With this in mind, our current Zacks estimates call for GIS adjusted Q4 FY20 earnings to jump 25.3% to $1.04 a share, on 17.3% higher sales for the period ended in late May. General Mills hasn’t posted that kind of growth in years.
Meanwhile, Conagra’s Q4 sales are projected to soar 22% to help lift its adjusted earnings by over 83% to $0.66 a share.
Despite this projected growth, both stocks have moved sideways for roughly two months, after surging initially as part of the market’s larger climb off its March 23 lows.
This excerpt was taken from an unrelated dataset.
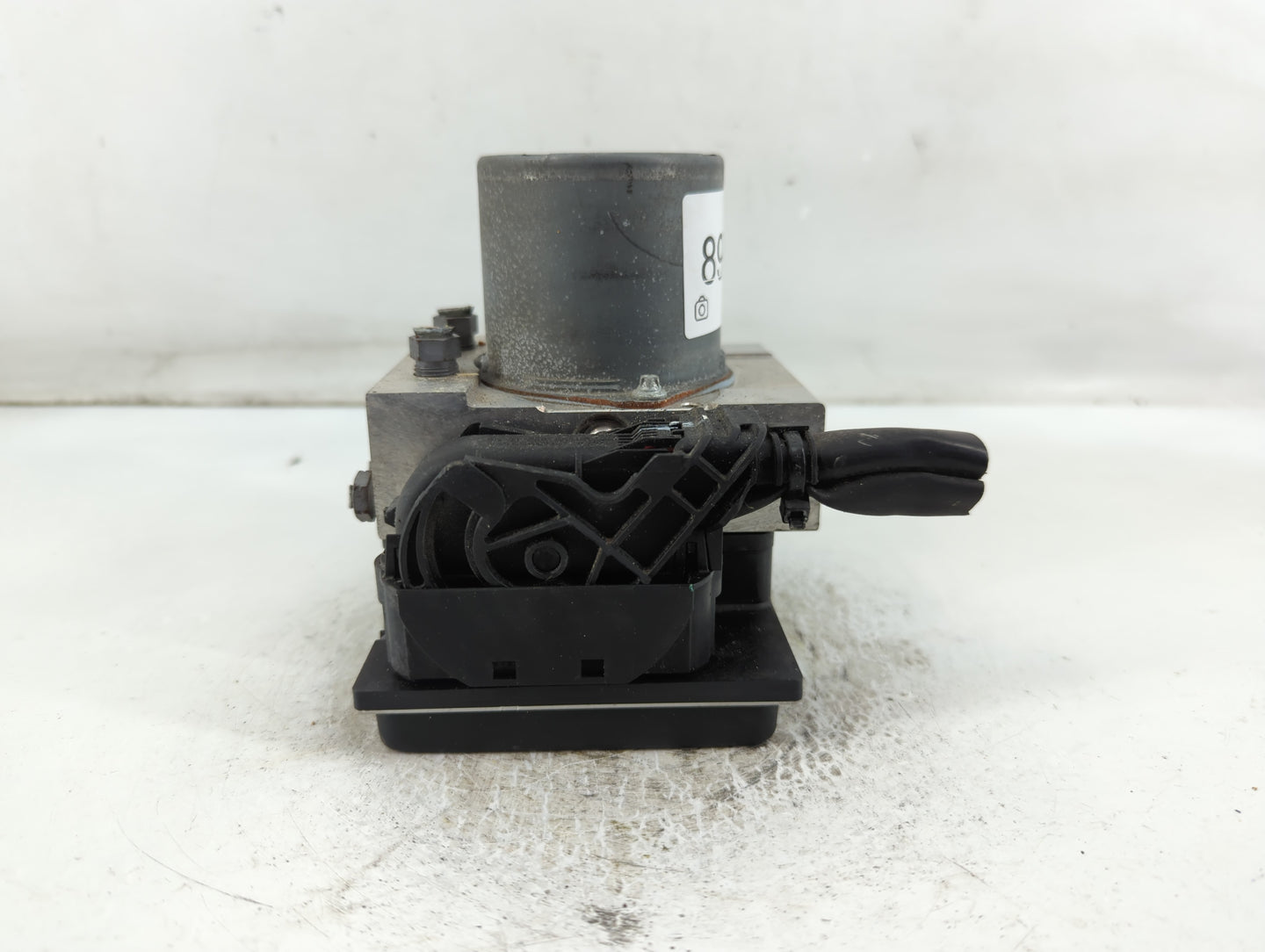 2011-2012 Mercedes-Benz E350 ABS Pump Control Module Replacement P/N:A212 431 47 12 Fits Fits 2011 2012 OEM Used Auto Parts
Therefore, Wall Street might have already priced in these projected booms.
GIS shares are up 12% in 2020 and currently rest around 6% off their 52-week highs. And CAG stock is still down slightly on the year and 5% off its highs.
GIS is acurrently a Zacks Rank #3 (Hold) and its 3.3% dividend yield tops its industry’s 0.15% average heading into its Q4 report on Wednesday, July 1. Conagra is also a Zacks Rank #3 (Hold), with a 2.58% yield and is set to report on Tuesday, June 30.
Some might take a chance on CAG or GIS seeing a post-Q4 earnings jump. That said, Wall Street clearly hasn’t been impressed recently, which means investors might want to hold off for now.